Wuppertal. Der Countdown läuft.
Nur noch wenige Tage bis zur Wahl. Die Umfrageinstitute überbieten sich
gegenseitig mit neuen Prognosen. Aber deren Zahlen, die sich selten so stark
verändert haben wie vor dieser Bundestagswahl, sind jetzt ebenfalls Gegenstand
kritischer Nachfragen geworden.
Der Wuppertaler Statistik-Professor Fritz Ulmer hält die veröffentlichten
Ergebnisse, die mal die SPD, mal die CDU vorne sehen, für "demoskopischen
Übermut". Die Genauigkeit, die die Umfragen vorgeben, sei nicht möglich:
"Die Schwankungsbereiche sind so groß, dass die Zahlen eigentlich
keinen Informationswert haben."
Seit Jahren wirft er einen äußterst kritischen Blick auf die Methoden
der Umfrageinstitute und ist überzeugt: Die meisten Prognosen beruhen nicht
auf der Sonntagsfrage, sondern "schreiben alte Wahlresultate unter Berücksichtigung
der Veränderungen in der politischen Situation und der Ergebnisse der Sonntagsfrage
fort".
Aber das ist nur ein Punkt der langen Liste von Vorwürfen, die Ulmer gegenüber
den Forschungsinstituten erhebt. Vor allem kritisiert er, dass die so genannten
Fehlertoleranzen in der Regel nicht angegeben werden. Wenn, wie üblich,
in etwa 1000 bis 1500 Personen befragt werden, ist es statistisch nicht möglich,
eine exakte Prozentzahl für alle Wähler vorherzusagen. Wenn Allensbach
37,3 Prozent für CDU/CSU voraussagt, so fehlt hier nach Ulmer die Angabe
der so genannten Fehlertoleranz: "Bei 1000 Befragten muss man von einer
Spanne von plus minus vier Prozent bei den großen und zwei Prozent bei
den kleinen Parteien ausgehen. Wenn die Anzahl der Befragten verdoppelt wird,
reduziert sich die Fehlertoleranz um 40 Prozent." In diesem Fall müsste
die korrekte Angabe also lauten: CDU/CSU liegt zwischen 33,3 und 41,3 Prozent.

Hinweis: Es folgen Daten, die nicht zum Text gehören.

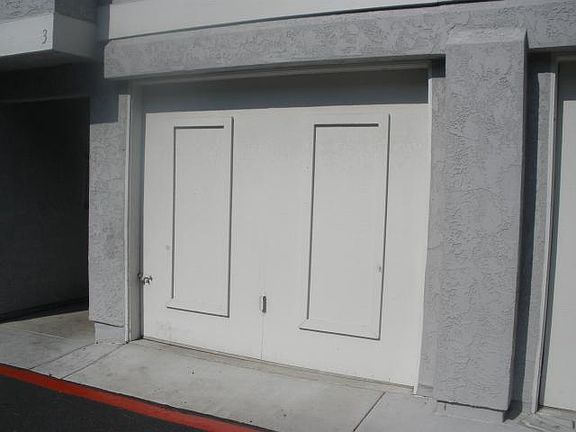 3rd image of 4220 Vista Del Rio Way Unit 4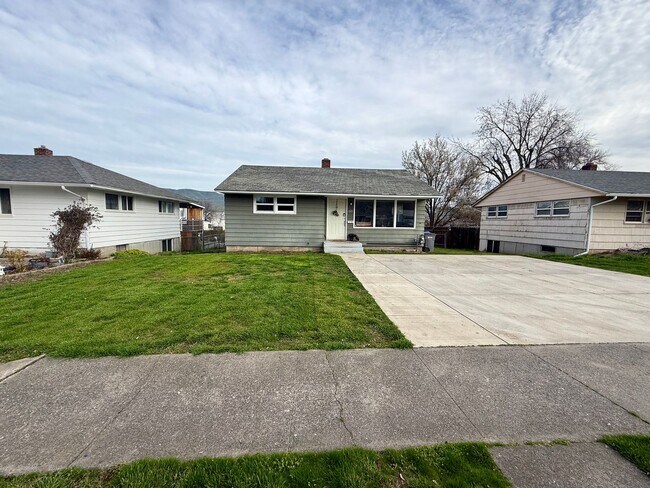 Photo - 3 Bedroom, 2 Bathroom in Candy Cane Lane Edition!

In den USA seien auch die Medien inzwischen zu dieser Genauigkeit verpflichtet.
Ulmer kritisiert auch, dass unterschlagen wird, wie viele Personen die Beantwortung
der Frage verweigert haben und wie oft die ausgeloste Zielperson bei den in
der Regel telefonischen Befragungen gar nicht angetroffen wurde und ein anderes
Haushaltsmitglied geantwortet hat. Und schließlich gibt Ulmer zu bedenken:
"Wer sagt schon gerne am Telefon, dass er gar nicht zur Wahl geht?"
Am wenigsten ist seiner Meinung nach mit den Umfragewerten für die PDS
anzufangen: "In den neuen Bundesländern werden von den meisten Umfrageinstituten
durchschnittlich nur 250 Personen befragt. Davon werden zehn bis 30 Prozent
die PDS favorisieren, im Westen werden es nur null bis 2,5 Prozent sein. Es
ist lächerlich, auf dieser Grundlage für die PDS in etwa vier Prozent
aller am Sonntag abgegebenen Stimmen vorherzusagen."
Fritz Ulmer hat Informationen im Internet zusammengestellt und ein Simulationsprogramm für Wahlumfragen entwickelt.